Comme une pierre qui délimite un champ, ce livre témoigne
pour moi des étapes d’une vie qui se superposerait volontiers à l’histoire
d’une époque voire à celle de notre condition humaine.
« On est peu à
peu arrivé à ce temps où l’hiver s’amollit comme un fruit malade. Jusqu’à
présent, il était dur et vert et bien acide, et puis d’un coup le voilà
tendre. »
Adolescent, je fus emporté par le style foisonnant du
résident de Manosque, puis gavé de trop d’adjectifs, je pris mes distances avec
« la terre qui ne ment pas ».
Je retrouve sur le tard cet ouvrage
fort, autant par la manière que par le fond : un chasseur-cueilleur
redevient agriculteur prenant le chemin inverse de ceux qui prônent en ce
siècle 2.0, un retour au paléolithique d’avant la propriété capitaliste.
« Ça a changé
depuis la tombée du jour : une force souple et parfumée court dans la
nuit. On dirait une jeune bête bien reposée. C’est tiède comme la vie sous le
poil des bêtes, ça sent amer. Il renifle. Un peu comme l’aubépine. Ça vient du
sud par bonds et on entend toute la terre qui en parle.Le vent du
printemps ! »
Un hymne à la nature et à l’homme tellement évident qu’il
n’est pas besoin de surcharger de précautions oratoires ou d’allusions à
d’anecdotiques verts vaseux.
Il suffit de reprendre des bribes pour dire le bonheur de la
lecture à chaque phrase :
« Les bords
transparents du ciel s’appuient de tous les côtés dans l’herbe »
« Un grand silence
craquant comme une pastèque »…
Les parfums de la Provence, les rudesses d’un temps passé,
la confiance en la vie, jaillissent de chacune des 177 pages que l’on aurait
envie de lancer comme grains de blé en bout de « geste auguste du
semeur ».
« Il a des
chansons qui sont là, entassées dans sa gorge à presser ses dents.

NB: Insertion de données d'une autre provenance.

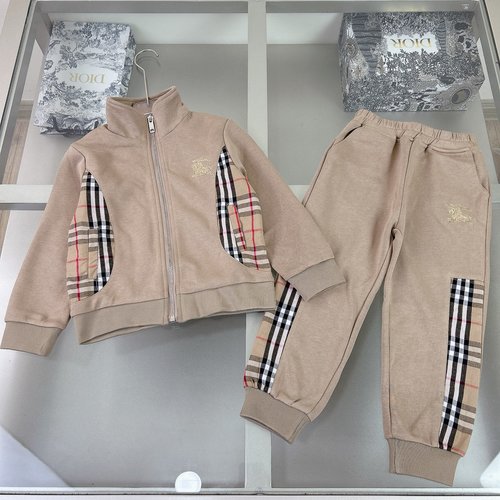 Burberry Kids Cotton Outfit Set - Comfortable & Stylish 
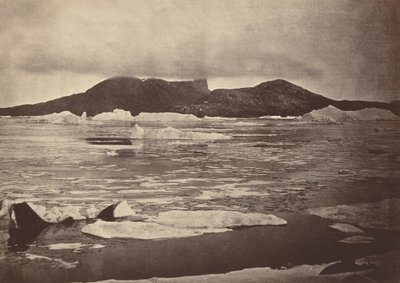 As Regiões Árticas: No. 92.* O Polegar do Diabo parcialmente envolto em uma neblina, com o primeiro do gelo à deriva do bloco, que estava sendo forçado em direção à terra, de onde escapamos por uma estreita passagem; se tivéssemos sido cercados, deveríamos de John L. Dunmore, and George P. Critcherson
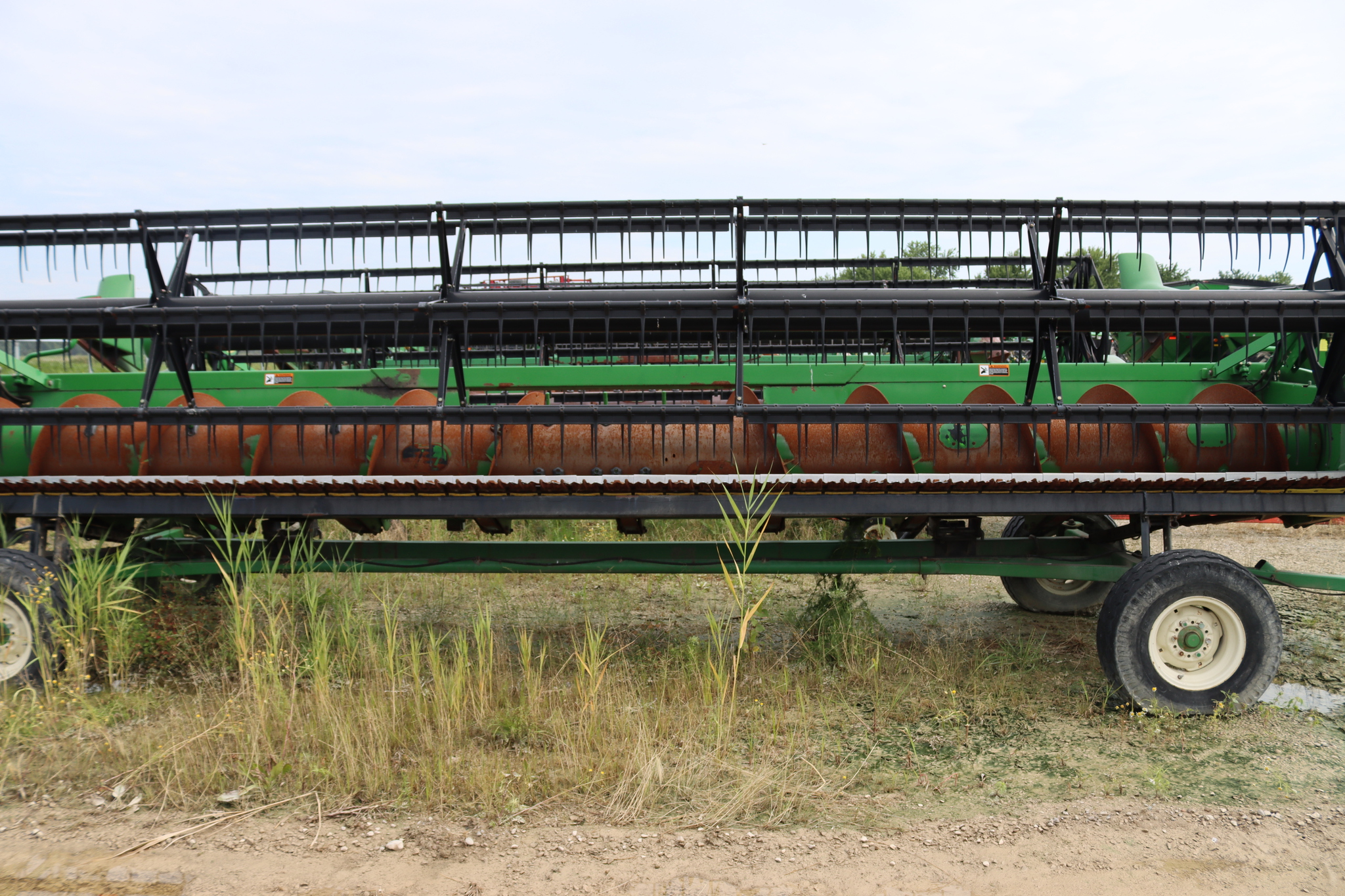 2005 John Deere 625F Combine Platforms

Et il serre
les lèvres. C'est une joie dont il veut mâcher toute l'odeur et saliver
longtemps le jus comme un mouton qui mange la saladelle du soir sur les
collines. Il va, comme ça, jusqu'au moment où le beau silence s'est épaissi en
lui, et autour de lui comme un pré. »
Magnifique écriture, celle de Giono, et tu lui rends justice dans cette prose qui nous présente "Regain", et qui donne envie de croquer cette lecture. Merci.